Hay quien ha intentado explicarlo mediante la semántica o la sintaxis, pero
resulta inútil. Es como aquella conocida (y quizá humorística) definición de poesía:
quítale la rima, las palabras, avienta los versos y, si queda algo, eso es la
poesía. Pues en esa línea. El caso es que Pablo Andrés Escapa escribe unos
relatos que te dejan (a mí me dejan, desde luego) con los ojos chispeantes. Qué
maravilla. Qué esplendor. Y cuando tratas de consignar objetivamente
dónde radica el enigma o la clave de ese prodigio, fracasas. Puede parecer
frustrante, pero quizá forme parte de su magia verbal intangible, de esa luz
inefable que emana de los buenos libros y que, si alcanzásemos a reducir en una
fórmula, perdería su aroma y su encanto.
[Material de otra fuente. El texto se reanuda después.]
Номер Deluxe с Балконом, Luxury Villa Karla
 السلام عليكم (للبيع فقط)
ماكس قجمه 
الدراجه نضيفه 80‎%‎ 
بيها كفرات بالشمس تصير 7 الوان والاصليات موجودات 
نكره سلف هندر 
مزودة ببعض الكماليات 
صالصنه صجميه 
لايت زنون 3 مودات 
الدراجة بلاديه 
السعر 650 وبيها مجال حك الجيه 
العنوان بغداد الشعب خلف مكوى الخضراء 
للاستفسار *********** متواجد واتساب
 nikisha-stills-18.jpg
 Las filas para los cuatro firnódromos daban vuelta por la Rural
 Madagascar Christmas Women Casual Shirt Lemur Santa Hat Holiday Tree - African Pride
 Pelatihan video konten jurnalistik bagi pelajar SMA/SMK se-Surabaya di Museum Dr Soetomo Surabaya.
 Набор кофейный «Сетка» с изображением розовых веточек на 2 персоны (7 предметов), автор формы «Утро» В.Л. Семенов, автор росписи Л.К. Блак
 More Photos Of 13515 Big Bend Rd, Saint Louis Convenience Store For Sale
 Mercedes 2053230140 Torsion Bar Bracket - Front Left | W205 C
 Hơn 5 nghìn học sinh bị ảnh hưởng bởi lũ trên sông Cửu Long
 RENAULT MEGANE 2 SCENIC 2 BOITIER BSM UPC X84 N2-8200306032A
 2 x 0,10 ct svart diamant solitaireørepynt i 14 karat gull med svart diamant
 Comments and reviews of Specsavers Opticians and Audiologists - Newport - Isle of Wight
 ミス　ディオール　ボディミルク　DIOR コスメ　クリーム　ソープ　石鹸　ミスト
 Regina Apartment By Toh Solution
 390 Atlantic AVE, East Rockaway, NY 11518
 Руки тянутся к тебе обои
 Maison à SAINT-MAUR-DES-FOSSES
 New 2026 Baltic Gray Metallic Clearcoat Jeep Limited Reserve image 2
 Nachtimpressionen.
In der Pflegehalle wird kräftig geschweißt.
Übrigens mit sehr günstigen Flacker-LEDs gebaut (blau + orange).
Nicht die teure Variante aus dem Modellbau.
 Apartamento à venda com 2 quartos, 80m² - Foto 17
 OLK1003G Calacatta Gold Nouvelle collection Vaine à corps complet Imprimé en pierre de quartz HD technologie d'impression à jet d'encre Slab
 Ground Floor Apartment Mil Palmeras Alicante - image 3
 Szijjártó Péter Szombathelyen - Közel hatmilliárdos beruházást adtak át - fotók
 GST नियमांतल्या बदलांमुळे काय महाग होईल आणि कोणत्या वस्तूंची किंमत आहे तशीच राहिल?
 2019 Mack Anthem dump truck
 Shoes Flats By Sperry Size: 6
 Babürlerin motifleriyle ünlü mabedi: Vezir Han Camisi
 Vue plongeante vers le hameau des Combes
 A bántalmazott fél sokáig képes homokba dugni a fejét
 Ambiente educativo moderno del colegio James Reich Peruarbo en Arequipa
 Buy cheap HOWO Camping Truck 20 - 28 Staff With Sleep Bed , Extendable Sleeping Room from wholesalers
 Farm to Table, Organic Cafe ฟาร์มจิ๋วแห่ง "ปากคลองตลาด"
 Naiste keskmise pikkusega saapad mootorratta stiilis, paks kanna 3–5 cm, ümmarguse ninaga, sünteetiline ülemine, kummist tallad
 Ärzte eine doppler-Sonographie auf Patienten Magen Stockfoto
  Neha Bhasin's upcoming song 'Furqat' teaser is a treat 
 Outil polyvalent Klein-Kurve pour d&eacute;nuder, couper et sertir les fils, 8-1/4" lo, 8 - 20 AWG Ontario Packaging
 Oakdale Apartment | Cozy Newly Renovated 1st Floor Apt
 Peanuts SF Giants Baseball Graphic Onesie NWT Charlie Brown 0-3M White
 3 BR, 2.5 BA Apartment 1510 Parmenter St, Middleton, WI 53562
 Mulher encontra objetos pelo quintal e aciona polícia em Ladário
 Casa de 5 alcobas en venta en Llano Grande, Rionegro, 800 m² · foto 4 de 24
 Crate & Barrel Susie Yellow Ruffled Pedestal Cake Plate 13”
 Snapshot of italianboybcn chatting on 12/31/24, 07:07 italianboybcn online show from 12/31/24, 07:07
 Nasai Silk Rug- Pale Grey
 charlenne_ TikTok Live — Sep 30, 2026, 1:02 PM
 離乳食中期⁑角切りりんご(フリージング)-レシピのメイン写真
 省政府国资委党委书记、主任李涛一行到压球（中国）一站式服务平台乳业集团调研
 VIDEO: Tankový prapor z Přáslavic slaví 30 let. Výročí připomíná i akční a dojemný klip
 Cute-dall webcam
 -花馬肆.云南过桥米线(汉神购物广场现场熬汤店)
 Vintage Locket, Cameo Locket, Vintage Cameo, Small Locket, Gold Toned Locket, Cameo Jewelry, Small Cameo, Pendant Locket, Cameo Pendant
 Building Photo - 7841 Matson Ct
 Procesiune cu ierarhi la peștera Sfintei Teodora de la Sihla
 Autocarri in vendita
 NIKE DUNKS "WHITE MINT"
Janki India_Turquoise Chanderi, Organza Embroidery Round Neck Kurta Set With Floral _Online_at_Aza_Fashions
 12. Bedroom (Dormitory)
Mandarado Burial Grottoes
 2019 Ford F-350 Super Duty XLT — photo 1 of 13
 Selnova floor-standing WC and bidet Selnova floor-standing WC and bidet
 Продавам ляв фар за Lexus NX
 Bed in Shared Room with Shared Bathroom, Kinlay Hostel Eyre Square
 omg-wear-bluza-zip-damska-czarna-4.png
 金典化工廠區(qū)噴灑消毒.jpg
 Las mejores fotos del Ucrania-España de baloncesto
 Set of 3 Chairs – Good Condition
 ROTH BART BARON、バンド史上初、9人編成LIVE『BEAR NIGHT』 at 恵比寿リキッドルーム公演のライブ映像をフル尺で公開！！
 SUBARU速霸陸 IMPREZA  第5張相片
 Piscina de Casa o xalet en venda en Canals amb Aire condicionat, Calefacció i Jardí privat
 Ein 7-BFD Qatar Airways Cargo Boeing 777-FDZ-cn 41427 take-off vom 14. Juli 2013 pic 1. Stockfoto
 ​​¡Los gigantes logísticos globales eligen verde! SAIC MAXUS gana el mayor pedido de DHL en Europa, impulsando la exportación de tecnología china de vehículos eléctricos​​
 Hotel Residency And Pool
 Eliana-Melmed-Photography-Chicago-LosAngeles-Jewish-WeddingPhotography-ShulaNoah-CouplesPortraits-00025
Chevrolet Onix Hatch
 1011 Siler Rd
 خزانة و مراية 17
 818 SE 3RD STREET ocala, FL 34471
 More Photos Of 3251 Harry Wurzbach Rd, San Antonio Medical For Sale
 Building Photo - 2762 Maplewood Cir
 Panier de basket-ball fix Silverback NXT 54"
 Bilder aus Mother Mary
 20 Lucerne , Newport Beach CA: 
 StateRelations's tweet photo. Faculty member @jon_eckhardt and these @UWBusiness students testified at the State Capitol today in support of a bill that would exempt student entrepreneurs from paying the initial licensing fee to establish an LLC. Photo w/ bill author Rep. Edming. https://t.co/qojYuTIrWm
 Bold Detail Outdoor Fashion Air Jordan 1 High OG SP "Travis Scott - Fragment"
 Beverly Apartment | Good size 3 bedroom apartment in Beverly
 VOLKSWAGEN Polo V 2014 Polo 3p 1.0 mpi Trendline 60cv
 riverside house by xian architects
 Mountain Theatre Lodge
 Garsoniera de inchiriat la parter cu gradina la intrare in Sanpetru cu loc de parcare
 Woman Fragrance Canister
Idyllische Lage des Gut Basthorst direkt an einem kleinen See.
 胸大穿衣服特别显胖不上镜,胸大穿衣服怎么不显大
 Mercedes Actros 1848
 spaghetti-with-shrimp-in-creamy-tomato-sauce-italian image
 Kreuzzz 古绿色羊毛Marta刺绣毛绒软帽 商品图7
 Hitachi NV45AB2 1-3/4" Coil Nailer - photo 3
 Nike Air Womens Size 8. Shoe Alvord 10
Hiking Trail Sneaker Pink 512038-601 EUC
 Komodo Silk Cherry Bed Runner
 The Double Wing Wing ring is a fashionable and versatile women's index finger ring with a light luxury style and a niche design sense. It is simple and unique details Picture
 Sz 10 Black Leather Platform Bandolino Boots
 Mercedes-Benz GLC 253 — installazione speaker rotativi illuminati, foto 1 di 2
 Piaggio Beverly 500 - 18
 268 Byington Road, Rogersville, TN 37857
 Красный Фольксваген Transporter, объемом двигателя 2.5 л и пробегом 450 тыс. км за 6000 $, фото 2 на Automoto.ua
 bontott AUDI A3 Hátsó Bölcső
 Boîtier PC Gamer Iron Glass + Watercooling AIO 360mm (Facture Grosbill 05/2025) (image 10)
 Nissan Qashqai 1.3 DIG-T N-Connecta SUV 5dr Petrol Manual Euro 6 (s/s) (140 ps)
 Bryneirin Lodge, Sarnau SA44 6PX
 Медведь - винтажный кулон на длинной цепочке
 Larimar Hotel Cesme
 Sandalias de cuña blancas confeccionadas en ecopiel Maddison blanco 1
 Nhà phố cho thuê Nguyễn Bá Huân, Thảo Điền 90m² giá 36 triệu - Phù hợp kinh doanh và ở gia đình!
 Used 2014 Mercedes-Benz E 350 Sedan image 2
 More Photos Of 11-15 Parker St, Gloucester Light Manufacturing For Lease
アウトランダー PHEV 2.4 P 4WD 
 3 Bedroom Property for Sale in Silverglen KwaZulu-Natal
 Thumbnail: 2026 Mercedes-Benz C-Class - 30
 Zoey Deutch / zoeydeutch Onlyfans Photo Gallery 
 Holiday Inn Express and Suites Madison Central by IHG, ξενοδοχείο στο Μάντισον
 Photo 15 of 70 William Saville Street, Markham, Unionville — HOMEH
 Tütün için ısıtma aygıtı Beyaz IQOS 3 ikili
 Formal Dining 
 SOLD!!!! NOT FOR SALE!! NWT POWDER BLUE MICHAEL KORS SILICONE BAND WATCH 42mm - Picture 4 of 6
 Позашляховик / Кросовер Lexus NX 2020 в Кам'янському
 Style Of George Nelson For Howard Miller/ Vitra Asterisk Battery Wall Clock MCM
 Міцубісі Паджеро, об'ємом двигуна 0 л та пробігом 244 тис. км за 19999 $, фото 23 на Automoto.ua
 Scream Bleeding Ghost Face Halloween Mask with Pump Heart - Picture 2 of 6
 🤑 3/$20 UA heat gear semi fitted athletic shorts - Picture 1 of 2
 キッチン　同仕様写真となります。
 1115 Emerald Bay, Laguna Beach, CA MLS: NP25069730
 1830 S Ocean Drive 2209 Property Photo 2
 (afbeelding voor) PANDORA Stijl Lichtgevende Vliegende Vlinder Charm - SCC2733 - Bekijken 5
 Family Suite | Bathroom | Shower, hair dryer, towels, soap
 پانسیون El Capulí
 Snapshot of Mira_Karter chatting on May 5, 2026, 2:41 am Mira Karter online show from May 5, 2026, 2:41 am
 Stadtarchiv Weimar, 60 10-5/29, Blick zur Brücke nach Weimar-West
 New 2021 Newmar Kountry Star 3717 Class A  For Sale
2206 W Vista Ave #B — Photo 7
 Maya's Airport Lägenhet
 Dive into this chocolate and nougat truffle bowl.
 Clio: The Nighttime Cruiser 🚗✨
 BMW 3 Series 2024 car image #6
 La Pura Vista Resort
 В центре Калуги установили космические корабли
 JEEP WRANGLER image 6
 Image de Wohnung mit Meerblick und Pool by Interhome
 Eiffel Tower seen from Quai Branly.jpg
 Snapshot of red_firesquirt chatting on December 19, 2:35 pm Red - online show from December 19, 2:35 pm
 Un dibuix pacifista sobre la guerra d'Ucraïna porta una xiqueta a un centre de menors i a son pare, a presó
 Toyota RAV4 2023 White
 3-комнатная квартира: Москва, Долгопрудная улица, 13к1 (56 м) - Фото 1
Dejémoslo, sonrientemente, en que lo
ha vuelto a hacer.
Hablo
del volumen Herencias del invierno, el tomo de relatos que edita Páginas
de espuma con ilustraciones de Lucie Duboeuf. Allí dentro encontramos ladrones
que, al salir de una alcantarilla, se encuentran a un misterioso fumador de
pipa que les habla de forma arcaizante (“Ceniza”); niños que ejecutan
travesuras más bien indignas, de las que se acaban arrepintiendo (“Semillas”);
animales que parecen condenados a muerte y que terminan encontrando su utilidad
mágica en el sitio más inverosímil (“Surcos”); y, en fin, todo tipo de
marineros que narran historias, niñas que tiemblan ante la posible
incomparecencia de los Reyes Magos por falta de nieve o, incluso, basureros de
fama tétrica que, tras degustar unos dulces, regalan estrellas navideñas. Sin
olvidar esa maravilla llamada “Nudos”, que me ha parecido el mejor cuento del
volumen.
Insisto: se tiene o no se tiene. Y este escritor (como Muñoz Molina, como Millás, como Matute, como Menéndez Salmón) lo tiene. Alabado sea.